- **WORK INSTRUCTIONS**: Please repeat, from the entries that follow, the lines from the one containing "RayBan x Asap Rocky" through the one containing "A Guide to the" exactly, adding nothing.

[RECORDS FOR THIS EXERCISE — start]

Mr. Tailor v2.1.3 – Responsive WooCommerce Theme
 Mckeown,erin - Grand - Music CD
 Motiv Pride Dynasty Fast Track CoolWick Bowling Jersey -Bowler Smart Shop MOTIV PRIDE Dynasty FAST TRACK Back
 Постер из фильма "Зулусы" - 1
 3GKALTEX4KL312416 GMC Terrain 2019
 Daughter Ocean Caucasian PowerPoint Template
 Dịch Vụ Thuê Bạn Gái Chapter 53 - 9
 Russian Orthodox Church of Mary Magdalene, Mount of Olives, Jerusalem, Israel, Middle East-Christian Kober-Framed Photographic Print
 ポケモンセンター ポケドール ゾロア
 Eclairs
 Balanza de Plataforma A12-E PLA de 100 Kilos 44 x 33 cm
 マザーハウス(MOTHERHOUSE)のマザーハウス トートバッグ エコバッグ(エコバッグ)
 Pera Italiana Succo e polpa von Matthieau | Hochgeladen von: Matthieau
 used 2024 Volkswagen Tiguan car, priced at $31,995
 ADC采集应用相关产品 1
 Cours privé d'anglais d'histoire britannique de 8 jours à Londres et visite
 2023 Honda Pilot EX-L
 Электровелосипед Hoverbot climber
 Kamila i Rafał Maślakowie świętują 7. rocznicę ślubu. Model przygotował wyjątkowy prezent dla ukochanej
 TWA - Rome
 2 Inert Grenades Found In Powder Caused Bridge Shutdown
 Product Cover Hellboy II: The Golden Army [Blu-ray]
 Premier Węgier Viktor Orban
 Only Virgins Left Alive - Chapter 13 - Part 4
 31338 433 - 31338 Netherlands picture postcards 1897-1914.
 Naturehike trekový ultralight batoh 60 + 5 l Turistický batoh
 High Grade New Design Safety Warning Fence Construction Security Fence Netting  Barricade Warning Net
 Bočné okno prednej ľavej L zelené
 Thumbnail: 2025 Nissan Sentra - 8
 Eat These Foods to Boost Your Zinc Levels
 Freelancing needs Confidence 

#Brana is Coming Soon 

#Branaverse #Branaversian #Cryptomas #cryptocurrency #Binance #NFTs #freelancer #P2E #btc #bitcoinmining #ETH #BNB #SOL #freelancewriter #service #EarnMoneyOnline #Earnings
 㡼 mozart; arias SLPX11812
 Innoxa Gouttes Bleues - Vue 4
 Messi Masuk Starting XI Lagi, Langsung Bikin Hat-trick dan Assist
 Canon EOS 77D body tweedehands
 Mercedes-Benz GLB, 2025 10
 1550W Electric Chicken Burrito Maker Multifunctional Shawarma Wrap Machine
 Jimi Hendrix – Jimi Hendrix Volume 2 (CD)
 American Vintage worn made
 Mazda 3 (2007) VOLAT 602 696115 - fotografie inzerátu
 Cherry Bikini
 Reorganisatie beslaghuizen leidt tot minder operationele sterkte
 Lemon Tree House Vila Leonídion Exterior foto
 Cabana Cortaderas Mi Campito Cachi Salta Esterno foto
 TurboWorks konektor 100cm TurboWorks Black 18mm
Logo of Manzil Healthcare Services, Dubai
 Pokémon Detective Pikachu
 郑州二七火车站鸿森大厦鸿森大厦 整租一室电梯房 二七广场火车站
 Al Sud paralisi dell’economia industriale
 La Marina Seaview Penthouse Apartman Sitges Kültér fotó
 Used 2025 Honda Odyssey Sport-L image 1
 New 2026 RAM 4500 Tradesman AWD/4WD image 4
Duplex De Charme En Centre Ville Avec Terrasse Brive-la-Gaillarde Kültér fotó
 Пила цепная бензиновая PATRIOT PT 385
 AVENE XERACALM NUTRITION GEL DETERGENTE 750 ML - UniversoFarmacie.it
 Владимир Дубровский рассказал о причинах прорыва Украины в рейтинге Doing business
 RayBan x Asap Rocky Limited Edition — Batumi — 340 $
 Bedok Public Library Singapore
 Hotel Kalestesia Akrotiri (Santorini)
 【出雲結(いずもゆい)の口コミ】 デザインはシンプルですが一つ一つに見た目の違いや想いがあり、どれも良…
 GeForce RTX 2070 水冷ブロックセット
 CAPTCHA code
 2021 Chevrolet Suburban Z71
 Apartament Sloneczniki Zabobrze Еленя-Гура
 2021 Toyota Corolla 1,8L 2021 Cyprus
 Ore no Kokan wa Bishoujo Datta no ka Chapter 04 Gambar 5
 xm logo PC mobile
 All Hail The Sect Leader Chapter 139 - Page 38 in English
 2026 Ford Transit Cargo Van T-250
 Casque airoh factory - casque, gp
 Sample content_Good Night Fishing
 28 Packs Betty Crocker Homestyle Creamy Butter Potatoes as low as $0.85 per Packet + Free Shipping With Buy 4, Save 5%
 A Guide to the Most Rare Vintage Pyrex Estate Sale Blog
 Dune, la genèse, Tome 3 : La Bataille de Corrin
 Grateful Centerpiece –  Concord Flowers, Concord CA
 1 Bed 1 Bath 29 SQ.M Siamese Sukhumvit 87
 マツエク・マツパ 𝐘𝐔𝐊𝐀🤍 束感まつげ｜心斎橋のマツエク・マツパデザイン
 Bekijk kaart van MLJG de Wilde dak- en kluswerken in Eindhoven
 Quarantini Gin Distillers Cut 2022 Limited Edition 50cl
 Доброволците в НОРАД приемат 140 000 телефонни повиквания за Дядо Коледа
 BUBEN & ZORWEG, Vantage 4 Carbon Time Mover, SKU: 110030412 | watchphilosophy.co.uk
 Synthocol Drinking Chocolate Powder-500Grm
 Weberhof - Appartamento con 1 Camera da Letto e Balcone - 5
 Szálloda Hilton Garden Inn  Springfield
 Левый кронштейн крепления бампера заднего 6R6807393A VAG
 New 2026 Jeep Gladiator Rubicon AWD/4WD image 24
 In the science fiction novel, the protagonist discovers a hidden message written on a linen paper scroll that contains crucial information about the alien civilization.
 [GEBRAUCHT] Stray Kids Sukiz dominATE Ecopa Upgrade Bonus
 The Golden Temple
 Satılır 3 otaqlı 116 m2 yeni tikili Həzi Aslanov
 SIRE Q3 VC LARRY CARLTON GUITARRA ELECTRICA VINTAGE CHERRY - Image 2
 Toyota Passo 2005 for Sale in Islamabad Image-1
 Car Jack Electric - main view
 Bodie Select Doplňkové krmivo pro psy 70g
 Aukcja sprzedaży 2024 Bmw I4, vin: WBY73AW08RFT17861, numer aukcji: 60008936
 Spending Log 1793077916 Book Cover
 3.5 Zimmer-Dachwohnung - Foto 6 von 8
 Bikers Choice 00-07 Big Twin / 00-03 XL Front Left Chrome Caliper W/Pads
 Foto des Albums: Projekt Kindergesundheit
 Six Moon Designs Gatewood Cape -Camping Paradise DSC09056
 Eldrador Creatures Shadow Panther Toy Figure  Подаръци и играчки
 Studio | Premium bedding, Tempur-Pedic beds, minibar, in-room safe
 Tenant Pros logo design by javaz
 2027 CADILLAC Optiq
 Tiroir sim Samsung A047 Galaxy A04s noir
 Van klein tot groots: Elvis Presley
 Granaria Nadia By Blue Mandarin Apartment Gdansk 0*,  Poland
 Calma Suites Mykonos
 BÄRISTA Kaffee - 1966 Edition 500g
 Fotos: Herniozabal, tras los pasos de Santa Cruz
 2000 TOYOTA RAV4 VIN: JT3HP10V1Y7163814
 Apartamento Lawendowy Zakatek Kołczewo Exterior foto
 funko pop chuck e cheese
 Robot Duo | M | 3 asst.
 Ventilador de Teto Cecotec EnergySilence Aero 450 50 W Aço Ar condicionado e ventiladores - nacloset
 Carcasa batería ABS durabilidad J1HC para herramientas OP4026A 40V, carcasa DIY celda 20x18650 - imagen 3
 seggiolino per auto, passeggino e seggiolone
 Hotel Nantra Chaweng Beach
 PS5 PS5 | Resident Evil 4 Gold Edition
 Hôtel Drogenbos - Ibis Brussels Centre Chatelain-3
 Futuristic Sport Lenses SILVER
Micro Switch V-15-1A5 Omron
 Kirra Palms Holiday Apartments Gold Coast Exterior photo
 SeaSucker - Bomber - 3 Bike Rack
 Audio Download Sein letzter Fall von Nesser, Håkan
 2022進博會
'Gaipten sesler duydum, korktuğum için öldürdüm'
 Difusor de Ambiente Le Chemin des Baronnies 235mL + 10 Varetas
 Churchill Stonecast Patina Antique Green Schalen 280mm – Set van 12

[RECORDS FOR THIS EXERCISE — finish]

- **REPLY TO THE EXERCISE**:
 RayBan x Asap Rocky Limited Edition — Batumi — 340 $
 Bedok Public Library Singapore
 Hotel Kalestesia Akrotiri (Santorini)
 【出雲結(いずもゆい)の口コミ】 デザインはシンプルですが一つ一つに見た目の違いや想いがあり、どれも良…
 GeForce RTX 2070 水冷ブロックセット
 CAPTCHA code
 2021 Chevrolet Suburban Z71
 Apartament Sloneczniki Zabobrze Еленя-Гура
 2021 Toyota Corolla 1,8L 2021 Cyprus
 Ore no Kokan wa Bishoujo Datta no ka Chapter 04 Gambar 5
 xm logo PC mobile
 All Hail The Sect Leader Chapter 139 - Page 38 in English
 2026 Ford Transit Cargo Van T-250
 Casque airoh factory - casque, gp
 Sample content_Good Night Fishing
 28 Packs Betty Crocker Homestyle Creamy Butter Potatoes as low as $0.85 per Packet + Free Shipping With Buy 4, Save 5%
 A Guide to the Most Rare Vintage Pyrex Estate Sale Blog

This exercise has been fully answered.